= Noël Coward Society =

The Noël Coward Society is an international society founded with the agreement of Coward's literary agent and estate to celebrate the life and work of Sir Noël Coward.

The Noël Coward Society was founded in 1999 to study, promote, and enjoy the many aspects of Coward's achievements. It owns an extensive archive of recordings and written works and is attempting to become the official online archive of all things "Coward".

The society is managed by Noël Coward Ltd., a charitable company. It is currently administered from Norwich, Norfolk, UK, and has a membership of just over 700 people worldwide. The day-to-day running of the society is managed by an organising committee. The society has representatives in France, Australia, and the USA. Each year, it celebrates the birth of Noël Coward at the Noël Coward Theatre and the Theatre Royal, Drury Lane on the nearest Friday to his birthdate. The celebration consists of the AGM of the society at the Noël Coward Theatre followed by a celebrity from the theatre world laying flowers on the statue of Sir Noël Coward in the foyer of the Theatre Royal. The Annual Lunch follows in the Grand Saloon at the theatre, followed by a cabaret.

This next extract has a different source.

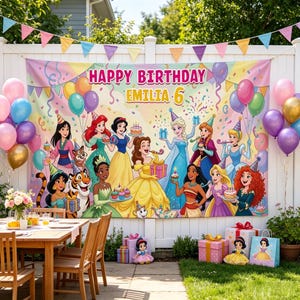 May include: A large rectangular birthday banner featuring a colorful illustration of various animated princesses, party balloons, and confetti. The text reads Happy Birthday Emilia 6. The banner is displayed outdoors against a white fence with colorful bunting.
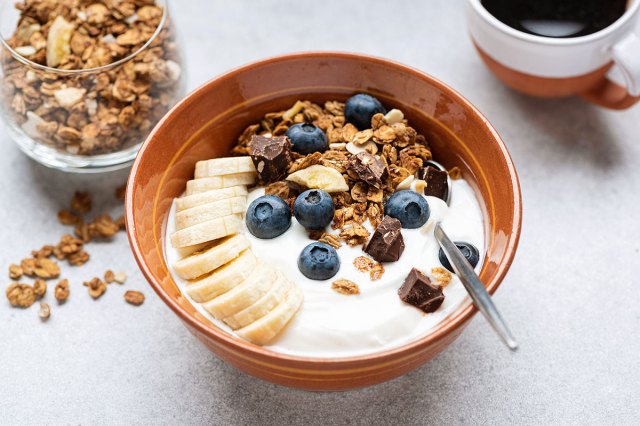An image of a bowl of yogurt with granola and fruit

In 2002, Ken Starrett was appointed the North American director of the Noël Coward Society and in 2003, Starrett organized an annual birthday celebration that took place in December in the United States. The event included the flower-laying ceremony at the Gershwin Theatre in Manhattan and a special lunch. Among the celebrities who have placed flowers in front of Coward's statue are Tammy Grimes, Keir Dullea, Tony Walton, Kitty Carlisle Hart, Hayley Mills, Marian Seldes, Jim Dale, Victor Garber, Christine Ebersole, Dick Cavett, Stephen Fry, Joan Copeland, Jamie Ross, Penny Fuller, and Dana Ivey. Also, a similar ceremony is held at Firefly Estate (Coward's home) in Jamaica. On December 31, 2016, Ken Starrett officially stepped down after serving as North American director for 14 years. In March 2017, for his services and contributions to the Noël Coward Society as well as being instrumental in introducing Noël Coward's music and songs to many cabaret performers, Ken Starrett was awarded the Board of Directors Award at the 31st annual MAC Awards. In 2018, Ken Starrett's position as US director of the Noël Coward Society was taken over by Jeffrey Hardy.